Not the Nice World You Think it is!

It was supposed to be what one would have called a ‘done deal.’ You have had quite lengthy discussions and reached that proverbial ‘unanimous decision.’ (Somehow too many nerves in your anatomy make their presence felt in all the wrong ways when you hear about some ‘unanimous decisions,’ don’t they? Believe me there is nothing wrong with you. It’s only that had this world been such a beautiful place of people agreeing on the same thing we wouldn’t have been in the place we’re in. Come with some idea that the sun comes overhead at noon. Do yourself some good, don’t be surprised if there are a few dissenting voices. “What! That’s old stuff. You people are stuck in some old nonsense. It’s only illusion!” How about that!

Say you and some other people are launching some project you’ve been laboring on for months. You don’t only agree how to go about it, you agree with all the passion you can muster. So having agreed to everything there is no reason to lose sleep over any concern or worry. Within six months, so you guys are sure, the change would be total. “I can’t believe the rapid changes I see in you! This is nothing short of a miracle; some angel must have kissed you.” wouldn’t such compliments’ carry to cloud eleven or some place as enticing.

Then when everything seems nice and dandy a plot twist Ludlum would have envied happens. You’re told they have called off the whole thing. Just like that!

“What do you mean you’ve called off everything?”

“Well we went over the whole thing and decide that it’s not a good idea.”

“Not a good idea! We’ve been going over it and for months and you tell me now it’s not a good idea! What about all the time, energy and money we put into the project!” Hey, take it easy, ok! Just for the sake of throwing a word or two this is not a world where everybody keeps their word.

Years back there was this craze in town. Share companies cropped up with speed like you never have seen before. People you know right and left were either forming one or buying shares in another. But then, not that there are any credible studies, the talk was eight out of them seem to fall on the wayside usually in their early days of formation. In the case of some, shares were there for the taking, so members of ‘organizing committees’ thought. In fact, it is said many so-called organizers didn’t go to the nearest bank with the money; they headed for the airport or the borders.

“A few weeks back you told me you bought shares in that new company.”

“Yes, I did buy the minimum number of shares. Are you planning to do so, too?”

“No, but I’ve news for you.”

“You’re going to tell me everybody was buying shares. You know, I thought about it deeply before deciding this was the company for me. Didn’t you hear it is led by some of the most trustworthy persons?”

“No, I didn’t hear that; but I heard a different story.”

“What different story?”

“I just heard the organizers have disappeared.”

“What do you mean they have disappeared?”

“They’ve fled the country with the money.”

And you thought despite the ten thousand birr minimum shares the very feeling that you‘re a shareholder would give you that air of importance. In fact, the talk within family circles would be something like, “Our boy’s a shareholder.”

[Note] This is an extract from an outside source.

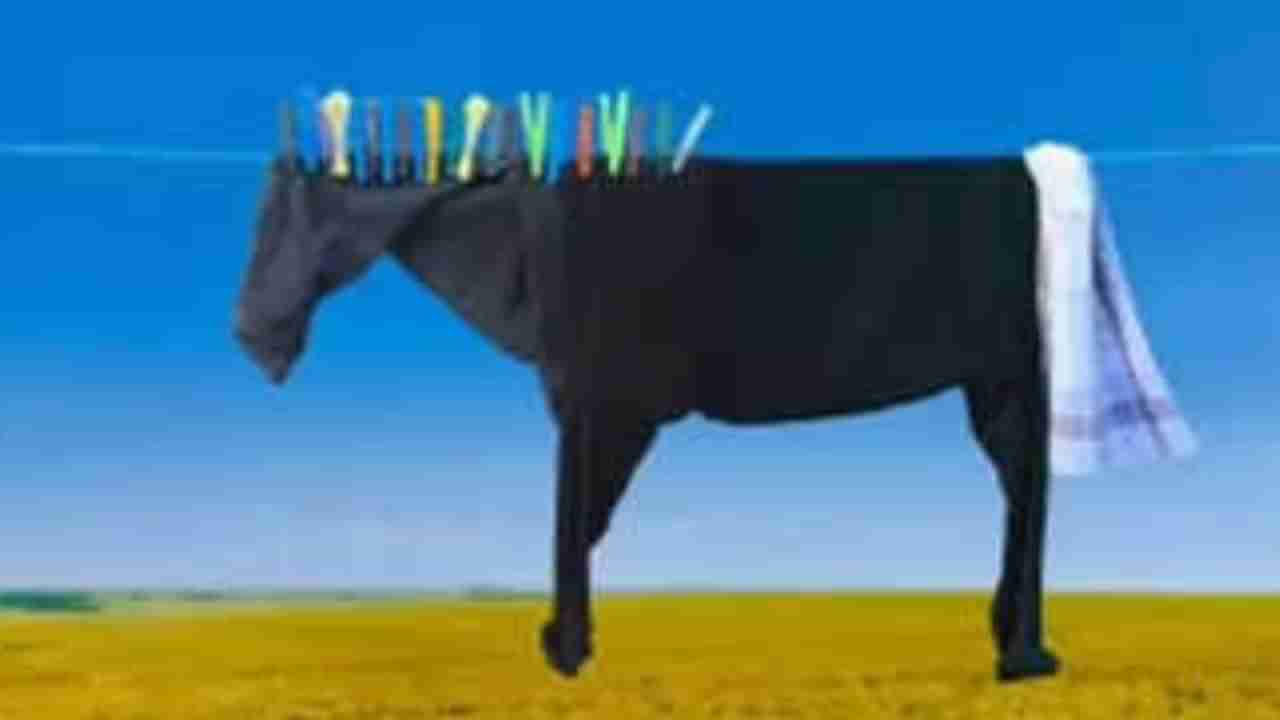 Optical Illusion : ಬಟ್ಟೆ, ಕುದುರೆ : ಈ ಚಿತ್ರದಲ್ಲಿ ನಿಮಗೆ ಮೊದಲು ಕಾಣಿಸಿದ್ದೇನು? ಇದುವೇ ಹೇಳುತ್ತೆ ನಿಮ್ಮ ವ್ಯಕ್ತಿತ್ವ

“One of us our own a shareholder! This calls for celebrations.” And the front row sit is yours without even asking. And what do the most trustworthy people do; they disappear with your money!

Your boss promises to give all of you quite hefty raise if you worked your &*% off making his company more profitable. You guys do just that. And by the year’s end he planned to get some five or seven million birr and he makes almost double that. The staff hears the details even before the auditors themselves are aware. “Our company made thirteen million more!” And when you use the term ‘our company,’ you really meant it. I mean when the checks come you’ve to convince yourself had it not been for you, your boss would be still polluting the city’s air with that car of his which is so old no one could tell what company assembled it.

Come the first payday of the new fiscal year and, make sure you hold on to the nearest chair, your pay is the same! That day your company would look like some alien land where no one could talk. The curse has fallen, ‘Curse be upon you company workers who took your boss for his word and ended up speechless; Where do you think you are, in the Garden of Eden? You’re on the queerest of all planets called Earth and that’s what you get.

Just try a few of you getting together and demanding answers from your boss.

“Sir, you promised to give us raises but…”

“But what?” All of a sudden he’s transformed into some hungry lion right out of some National Geographic documentary.

“Sir, they paid us the same…”

“Aha, now I get it! You guys think this company is your personal property, don’t you? Well let me tell you a story, you are employees paid for your services. That’s all.” That’s when the “our company” phrase you used through much of the year returns to haunt you.

“Sir, does t it mean we’ll not get raises?”

“Bravo! You just hit the nail on the head. The company’s coffers have dried out. Where the hell am I to get the money to give you raises?”

“But sir when we talked some seven months back you told us the opposite.”

“Really!” he sneers.

“Sir, but we heard the company made thirteen million more than it used to.”

“Oh, so now you’ve started spying into our finances. Tell you what, your behavior must be addressed and you’ll get the letters in the next few days. I’m finished.”

This time the boss would keep his word; you’d each be fined hundreds of birr for demanding your rights.

So this is not a world where you can fully feel confident that people or even companies and organizations would keep their word; it’s not the nice world you think it is!